| Task objective |
The lines below, from the one holding "This is a video" through the one holding "Okay, scroll down.", are to be restated word for word, with all images left out.

| Given data |
====================

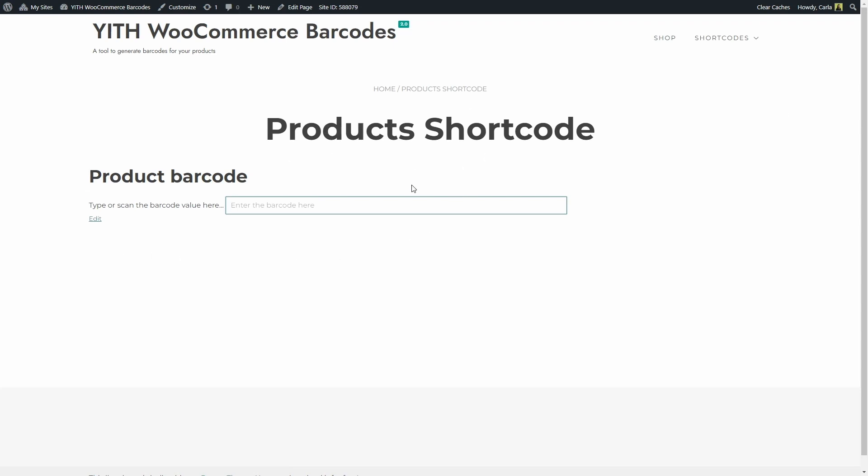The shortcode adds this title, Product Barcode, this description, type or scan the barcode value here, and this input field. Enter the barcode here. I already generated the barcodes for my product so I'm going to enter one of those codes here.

====================

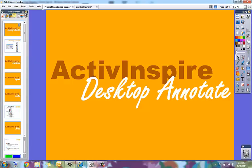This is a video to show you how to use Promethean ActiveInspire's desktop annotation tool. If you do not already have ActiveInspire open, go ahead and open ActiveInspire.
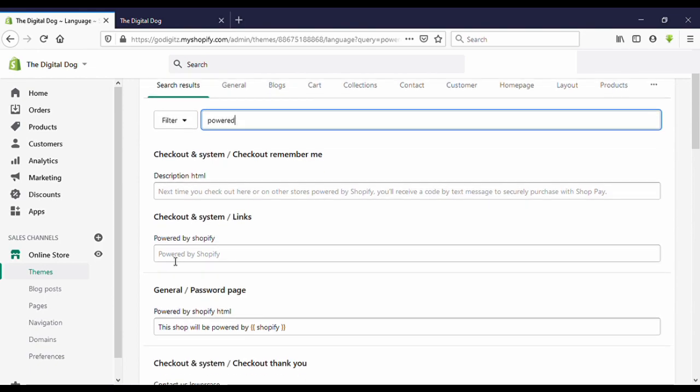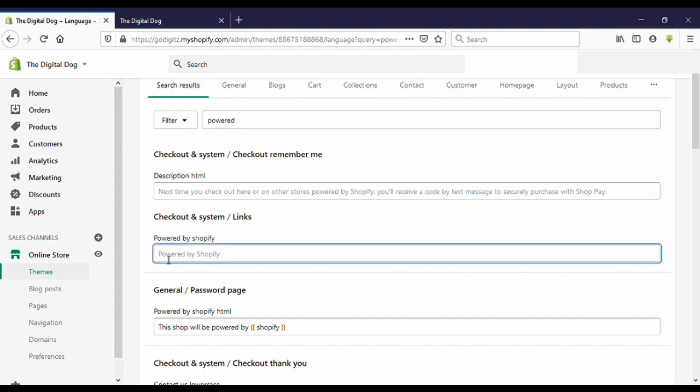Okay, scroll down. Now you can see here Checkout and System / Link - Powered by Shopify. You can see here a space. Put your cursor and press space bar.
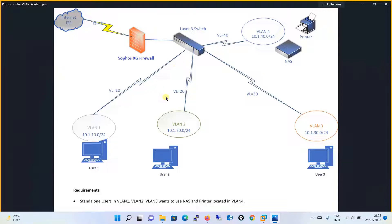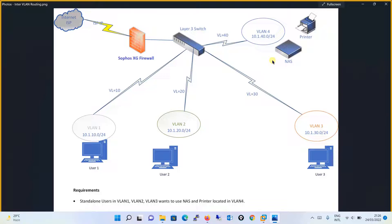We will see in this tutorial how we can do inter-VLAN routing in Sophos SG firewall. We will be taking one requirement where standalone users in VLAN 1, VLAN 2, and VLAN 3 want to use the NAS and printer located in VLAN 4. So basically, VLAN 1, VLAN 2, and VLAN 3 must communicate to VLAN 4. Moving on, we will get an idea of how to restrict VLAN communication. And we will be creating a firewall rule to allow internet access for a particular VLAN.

====================

| Answer space |
This is a video to show you how to use Promethean ActiveInspire's desktop annotation tool. If you do not already have ActiveInspire open, go ahead and open ActiveInspire.
Okay, scroll down. Now you can see here Checkout and System / Link - Powered by Shopify. You can see here a space. Put your cursor and press space bar.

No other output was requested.